Research suggests PLAs boost construction costs and undermine competition
In a preemptive move against construction agreements between employers and unions, negotiated before workers are hired, Sen. Danny Martiny (R-Metaire) has introduced legislation to safeguard competitive bidding practices.
Senate Bill 76 prevents state government officials from mandating Project Labor Agreements (PLAs) on publicly funded construction projects. PLAs call for construction contractors, including those non-unionized, to require their employees to be represented by a union on government-funded construction projects.
PLAs, which are exclusive to the construction industry, lock out non-union construction shops, say officials with the Associated Builders and Contractors (ABC), a private industry group.
The National Labor Relations Act of 1935 passed by President Franklin Roosevelt, also known as the Wagner Act, generally prohibits pre-hire agreements. However, the Wagner Act included an exception for the construction industry. So far, PLAs have failed to make inroads into Louisiana.
John Walters, director of governmental relations for the Louisiana Chapter of ABC and an ardent supporter of the bill, expects it to spark controversy.
“We don’t have a lot of PLA activity in Louisiana but they are popping up all over the nation and it is correct to view this as a preemptive move. There are several studies that show PLAs raise construction costs and hurt competition.”
Research from the Beacon Hill Institute shows that PLAs tend to raise construction costs by about 18 percent. Another study from Maurice Baskin, a law partner with Venable LLP in Washington D.C. who represents construction employees, concludes that PLAs both reduce competition and delay project completion.

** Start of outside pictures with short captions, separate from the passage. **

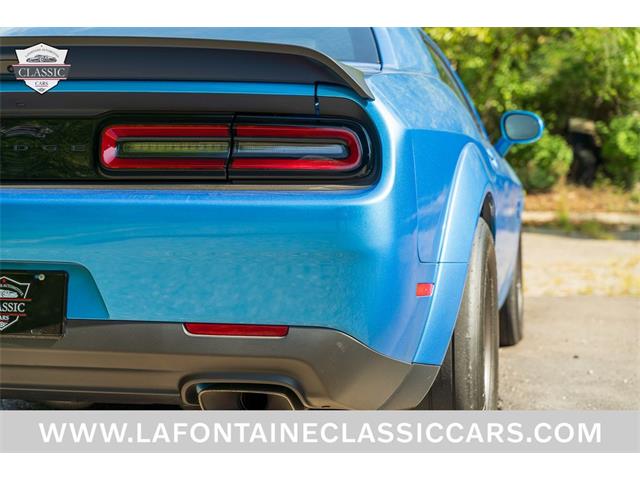 2023 Dodge Challenger (CC-2102409) for sale in Milford, Michigan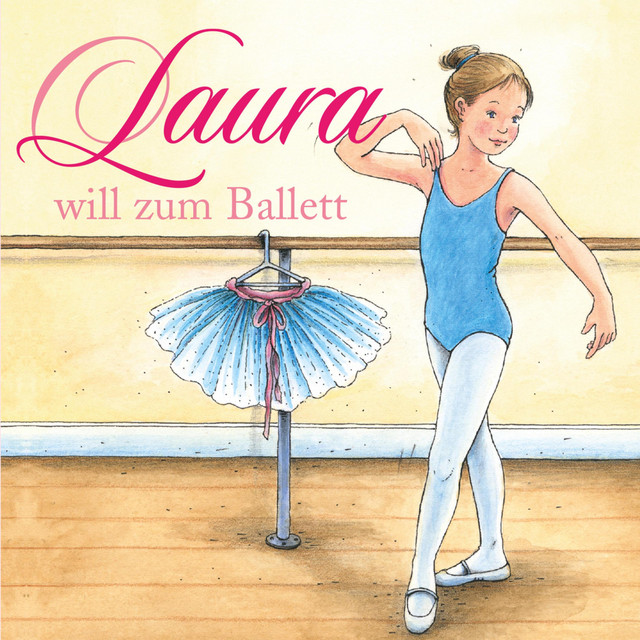 01: Laura will zum Ballett cover art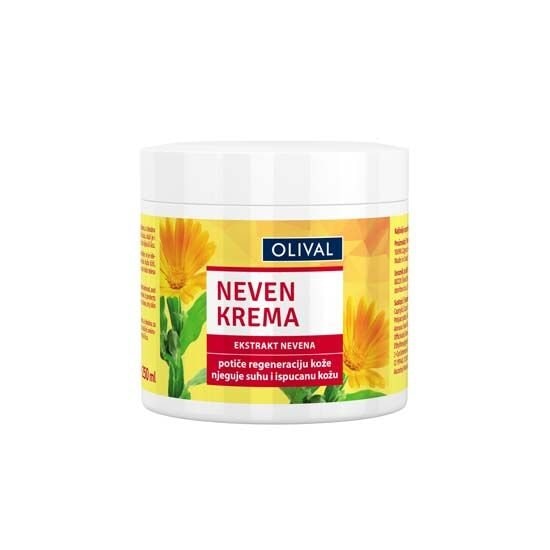 Kreme s posebom namjenom olival 250ml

Martiny’s bill does not actually mention the phrase “Project Labor Agreement,” but it does preclude state government officials from requiring construction firms to enter into agreements with labor unions. SB 76 also prohibits government agencies from discriminating against construction shops that have declined union representation.

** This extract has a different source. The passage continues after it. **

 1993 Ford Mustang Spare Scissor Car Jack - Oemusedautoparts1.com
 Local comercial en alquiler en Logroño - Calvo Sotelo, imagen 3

Even if the bill were to pass, however, Louisiana would still follow federally mandated PLAs; SB 76 only applies to state agencies.
Since 97 percent of the construction industry is non-union, says Walters, PLAs would put the overwhelming majority of construction workers at a great disadvantage at a time when the industry is still recovering from a recessionary climate. He also contends that the agreements undermine Louisiana’s Right to Work laws.
“Workers typically are permitted to choose whether to join a union through a federally supervised private ballot election,” he explains. “PLAs require unions to be the exclusive bargaining representative for workers during the life of the project. The decision to elect union representation is made by the employer rather than the employees.”
Although PLAs are yet to take root in Louisiana, a few failed attempts have been made at acquiring Responsible Contractor Ordinances (RCOs) and Responsible Employer Ordinances REOs, which contain language typical to PLAs, Walters notes.
Union officials based in Louisiana have argued that they are needed to help secure benefits.
“PLAs are about construction workers being treated fairly and getting an opportunity to advance and have a career in the construction industry, one that pays a decent living wage with health insurance and retirement benefits,” says Lance Albin, business manager for the Plumbers and Steamfitters Local Union 60 based in Metairie.